Race is a separate factor to them. What they fail to understand is that race is an underlying factor. It affects everything. For a country where racism has played a significant role in creating policies and inequalities in education, economic disparity, how they are perceived, where they can live, budgetary disbursement, the health system, the criminal justice system, employment, environment, and even service provision; despite all this, racism to these journalists is still not important (and this doesn’t even cover the role of sexism in the country).

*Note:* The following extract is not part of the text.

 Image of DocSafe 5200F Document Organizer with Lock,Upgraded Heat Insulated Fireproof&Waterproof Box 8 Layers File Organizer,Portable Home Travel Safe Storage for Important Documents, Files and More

Yet, this is a country which during independence declared African Americans as 3/5ths of a white man, whose expansion was dependent on the near extermination of the land’s indigenous people. Even so, race seemingly has little to nothing to do with this, according to these journalists. The same journalists who failed to predict or even understand what Trump was tapping into.
This is my country and my home. I’m not leaving, and I’m sure not going to let the election stop me. If anything, this is waking up all sections of the marginalised communities to act. American history is full examples of our country putting up obstacles to put a stop to progress, as well as triumphs of people overcoming them.
To borrow a common Martin Luther King Jr quote, “the arc of the moral universe is long, but it bends towards justice”. We will continue to work for equality of all Americans, continue working for a just society. On the path to equality, opponents will put up mountains to stop us. All we’re going to do is break out the climbing gear and overcome that too.
The fact is at the end of the day, under the guise of frustration with the political system, my countrymen determined that the lives of people of colour, women, LGBTQ people, the people of various religious minorities - whether Muslim, Jewish, Sikh, Hindu, and others - could be sacrificed.
We can talk all we want about why people here or there voted, whether it was because of frustration or disillusionment with the political establishment. We can talk all we want about how certain communities voted for policies they perceived to be in their self-interest.
At the end of the day in an election that had incredibly little policy and was heavy on racist/sexist/xenophobic rhetoric, my countrymen and neighbours were fine with a bigot. They were fine with marginalising millions of their citizens; people like me and my family, people like my friends and loved ones across the country.
There is simply no whitewashing this.